Beneath this line is the data. Output exactly the lines from the line with "On the other" to the line with "Foaming is a", both ends included, and nothing more.

▶ _PROVIDED RECORDS_:
■ ■ ■ ■ ■ ■ ■

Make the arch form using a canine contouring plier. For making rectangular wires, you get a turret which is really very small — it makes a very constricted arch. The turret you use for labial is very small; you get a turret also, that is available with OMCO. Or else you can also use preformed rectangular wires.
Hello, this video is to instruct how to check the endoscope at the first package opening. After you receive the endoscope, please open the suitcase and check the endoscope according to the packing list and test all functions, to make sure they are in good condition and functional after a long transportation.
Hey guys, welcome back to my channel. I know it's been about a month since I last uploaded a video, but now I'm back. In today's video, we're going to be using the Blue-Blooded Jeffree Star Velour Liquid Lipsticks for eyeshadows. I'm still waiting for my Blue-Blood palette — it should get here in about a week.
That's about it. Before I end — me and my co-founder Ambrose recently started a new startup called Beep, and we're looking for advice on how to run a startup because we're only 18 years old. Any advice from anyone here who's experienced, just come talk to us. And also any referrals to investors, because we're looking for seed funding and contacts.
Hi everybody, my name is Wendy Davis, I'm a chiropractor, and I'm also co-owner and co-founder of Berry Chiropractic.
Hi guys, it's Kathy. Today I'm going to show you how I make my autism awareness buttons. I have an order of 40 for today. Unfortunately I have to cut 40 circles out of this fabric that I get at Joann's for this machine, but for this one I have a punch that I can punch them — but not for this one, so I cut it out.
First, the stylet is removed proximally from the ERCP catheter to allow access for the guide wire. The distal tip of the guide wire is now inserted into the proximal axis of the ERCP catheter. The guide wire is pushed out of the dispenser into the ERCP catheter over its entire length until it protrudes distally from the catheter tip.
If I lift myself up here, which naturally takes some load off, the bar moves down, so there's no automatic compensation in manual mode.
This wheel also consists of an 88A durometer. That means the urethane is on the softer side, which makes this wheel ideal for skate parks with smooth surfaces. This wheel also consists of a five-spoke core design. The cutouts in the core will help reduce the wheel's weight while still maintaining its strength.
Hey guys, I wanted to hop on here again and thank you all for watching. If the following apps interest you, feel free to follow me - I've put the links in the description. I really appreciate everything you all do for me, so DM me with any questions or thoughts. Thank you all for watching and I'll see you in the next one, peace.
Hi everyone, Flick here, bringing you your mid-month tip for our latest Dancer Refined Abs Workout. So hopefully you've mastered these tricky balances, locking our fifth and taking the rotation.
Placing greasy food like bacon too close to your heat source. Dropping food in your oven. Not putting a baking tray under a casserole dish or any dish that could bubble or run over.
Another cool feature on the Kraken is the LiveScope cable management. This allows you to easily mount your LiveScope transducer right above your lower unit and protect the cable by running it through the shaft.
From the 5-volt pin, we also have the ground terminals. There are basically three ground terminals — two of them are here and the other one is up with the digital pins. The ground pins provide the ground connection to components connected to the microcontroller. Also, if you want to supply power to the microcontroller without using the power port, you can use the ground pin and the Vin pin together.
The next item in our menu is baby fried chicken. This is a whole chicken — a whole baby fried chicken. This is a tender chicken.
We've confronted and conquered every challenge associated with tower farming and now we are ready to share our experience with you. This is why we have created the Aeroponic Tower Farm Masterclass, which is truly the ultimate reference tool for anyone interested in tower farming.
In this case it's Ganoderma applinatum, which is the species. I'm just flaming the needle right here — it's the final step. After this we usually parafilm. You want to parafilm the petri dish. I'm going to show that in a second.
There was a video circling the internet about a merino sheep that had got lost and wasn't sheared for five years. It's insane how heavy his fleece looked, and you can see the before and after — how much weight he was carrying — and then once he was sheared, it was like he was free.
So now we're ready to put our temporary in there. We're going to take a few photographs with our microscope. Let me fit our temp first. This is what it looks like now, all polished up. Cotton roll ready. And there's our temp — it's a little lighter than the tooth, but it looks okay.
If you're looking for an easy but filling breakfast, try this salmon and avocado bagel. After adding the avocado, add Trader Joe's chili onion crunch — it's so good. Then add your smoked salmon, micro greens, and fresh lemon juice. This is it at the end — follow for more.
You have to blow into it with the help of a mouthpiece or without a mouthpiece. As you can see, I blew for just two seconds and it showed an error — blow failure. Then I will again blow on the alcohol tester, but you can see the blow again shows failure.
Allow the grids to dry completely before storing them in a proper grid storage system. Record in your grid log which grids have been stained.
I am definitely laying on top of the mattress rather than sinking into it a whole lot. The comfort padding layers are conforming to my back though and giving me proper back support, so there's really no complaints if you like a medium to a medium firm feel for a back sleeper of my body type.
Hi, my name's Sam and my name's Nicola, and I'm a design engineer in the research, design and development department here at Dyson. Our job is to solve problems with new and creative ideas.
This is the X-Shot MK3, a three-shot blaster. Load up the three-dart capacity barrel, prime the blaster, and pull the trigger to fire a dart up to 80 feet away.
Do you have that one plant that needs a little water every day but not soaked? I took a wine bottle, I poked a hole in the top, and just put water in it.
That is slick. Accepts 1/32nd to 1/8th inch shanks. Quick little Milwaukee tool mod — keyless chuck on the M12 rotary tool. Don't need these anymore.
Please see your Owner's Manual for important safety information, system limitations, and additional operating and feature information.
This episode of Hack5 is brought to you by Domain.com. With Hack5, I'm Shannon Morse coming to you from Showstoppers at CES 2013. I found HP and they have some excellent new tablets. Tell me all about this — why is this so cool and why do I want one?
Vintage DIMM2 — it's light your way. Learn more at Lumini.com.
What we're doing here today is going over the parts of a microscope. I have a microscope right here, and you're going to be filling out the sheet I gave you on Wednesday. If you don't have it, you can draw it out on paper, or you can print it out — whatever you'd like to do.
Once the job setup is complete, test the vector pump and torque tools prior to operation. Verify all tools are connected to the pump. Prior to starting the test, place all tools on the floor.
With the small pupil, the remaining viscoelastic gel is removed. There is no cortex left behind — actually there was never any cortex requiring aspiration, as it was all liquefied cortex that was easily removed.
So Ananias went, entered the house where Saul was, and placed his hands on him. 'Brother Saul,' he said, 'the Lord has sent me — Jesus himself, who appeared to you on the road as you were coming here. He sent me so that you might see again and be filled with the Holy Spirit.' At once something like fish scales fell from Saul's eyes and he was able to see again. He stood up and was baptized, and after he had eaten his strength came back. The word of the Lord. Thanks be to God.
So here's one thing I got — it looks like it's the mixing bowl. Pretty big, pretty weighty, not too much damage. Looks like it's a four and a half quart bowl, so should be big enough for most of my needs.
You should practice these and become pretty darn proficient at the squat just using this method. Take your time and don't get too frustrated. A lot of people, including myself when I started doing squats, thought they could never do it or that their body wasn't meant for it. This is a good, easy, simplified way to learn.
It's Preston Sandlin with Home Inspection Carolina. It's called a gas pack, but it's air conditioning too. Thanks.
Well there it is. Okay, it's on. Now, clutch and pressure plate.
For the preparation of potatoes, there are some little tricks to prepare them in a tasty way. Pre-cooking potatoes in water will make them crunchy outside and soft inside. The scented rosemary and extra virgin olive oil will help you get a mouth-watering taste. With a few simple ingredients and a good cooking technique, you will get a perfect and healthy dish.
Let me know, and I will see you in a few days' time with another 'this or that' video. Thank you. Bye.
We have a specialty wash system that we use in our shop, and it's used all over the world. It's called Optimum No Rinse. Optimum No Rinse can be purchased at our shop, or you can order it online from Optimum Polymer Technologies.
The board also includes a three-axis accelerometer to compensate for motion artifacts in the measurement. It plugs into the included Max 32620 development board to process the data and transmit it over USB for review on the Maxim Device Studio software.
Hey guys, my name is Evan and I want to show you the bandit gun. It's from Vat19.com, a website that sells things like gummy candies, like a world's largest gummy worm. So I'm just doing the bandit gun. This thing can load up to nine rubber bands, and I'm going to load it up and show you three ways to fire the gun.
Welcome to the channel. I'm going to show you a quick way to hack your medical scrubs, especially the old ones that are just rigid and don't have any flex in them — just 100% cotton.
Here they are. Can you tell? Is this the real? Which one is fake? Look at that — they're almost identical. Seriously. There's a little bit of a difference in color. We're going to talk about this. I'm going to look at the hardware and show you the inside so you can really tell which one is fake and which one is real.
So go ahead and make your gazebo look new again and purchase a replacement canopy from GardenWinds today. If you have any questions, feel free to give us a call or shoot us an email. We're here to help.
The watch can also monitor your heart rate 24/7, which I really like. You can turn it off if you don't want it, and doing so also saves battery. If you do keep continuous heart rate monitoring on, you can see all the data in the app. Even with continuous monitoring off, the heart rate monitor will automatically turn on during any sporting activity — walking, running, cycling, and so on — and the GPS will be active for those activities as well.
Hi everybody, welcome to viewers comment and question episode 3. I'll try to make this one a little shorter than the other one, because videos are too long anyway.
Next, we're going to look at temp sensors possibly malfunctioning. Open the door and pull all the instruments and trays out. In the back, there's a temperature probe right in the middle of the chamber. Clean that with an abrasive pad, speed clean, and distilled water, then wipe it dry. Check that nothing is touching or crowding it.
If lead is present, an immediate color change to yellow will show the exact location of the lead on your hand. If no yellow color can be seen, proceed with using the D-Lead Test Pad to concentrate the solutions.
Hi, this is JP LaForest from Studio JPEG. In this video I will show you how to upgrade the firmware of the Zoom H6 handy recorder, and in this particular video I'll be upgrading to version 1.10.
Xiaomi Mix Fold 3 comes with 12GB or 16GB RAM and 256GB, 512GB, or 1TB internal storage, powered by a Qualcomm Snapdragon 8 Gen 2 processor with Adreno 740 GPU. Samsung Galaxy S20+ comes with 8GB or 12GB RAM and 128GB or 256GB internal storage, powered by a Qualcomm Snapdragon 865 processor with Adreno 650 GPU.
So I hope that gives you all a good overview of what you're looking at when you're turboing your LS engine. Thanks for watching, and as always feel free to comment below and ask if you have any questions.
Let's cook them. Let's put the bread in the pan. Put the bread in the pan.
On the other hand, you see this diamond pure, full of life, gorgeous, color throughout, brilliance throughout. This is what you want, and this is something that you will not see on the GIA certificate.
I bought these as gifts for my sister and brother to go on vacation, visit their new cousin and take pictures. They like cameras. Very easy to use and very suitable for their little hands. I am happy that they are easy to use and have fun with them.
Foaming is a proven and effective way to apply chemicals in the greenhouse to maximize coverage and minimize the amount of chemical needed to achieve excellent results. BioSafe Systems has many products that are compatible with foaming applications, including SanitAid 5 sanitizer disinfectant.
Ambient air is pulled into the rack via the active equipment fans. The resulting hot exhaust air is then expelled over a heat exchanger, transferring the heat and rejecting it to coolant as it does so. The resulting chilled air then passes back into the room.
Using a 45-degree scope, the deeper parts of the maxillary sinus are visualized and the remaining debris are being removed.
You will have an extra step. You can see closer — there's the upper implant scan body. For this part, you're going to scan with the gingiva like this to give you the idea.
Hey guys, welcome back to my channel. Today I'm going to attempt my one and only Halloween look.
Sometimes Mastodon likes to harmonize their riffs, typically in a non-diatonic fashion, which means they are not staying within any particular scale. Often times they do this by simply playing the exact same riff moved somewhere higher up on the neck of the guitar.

■ ■ ■ ■ ■ ■ ■

▶ _RESULT BELOW_:
On the other hand, you see this diamond pure, full of life, gorgeous, color throughout, brilliance throughout. This is what you want, and this is something that you will not see on the GIA certificate.
I bought these as gifts for my sister and brother to go on vacation, visit their new cousin and take pictures. They like cameras. Very easy to use and very suitable for their little hands. I am happy that they are easy to use and have fun with them.
Foaming is a proven and effective way to apply chemicals in the greenhouse to maximize coverage and minimize the amount of chemical needed to achieve excellent results. BioSafe Systems has many products that are compatible with foaming applications, including SanitAid 5 sanitizer disinfectant.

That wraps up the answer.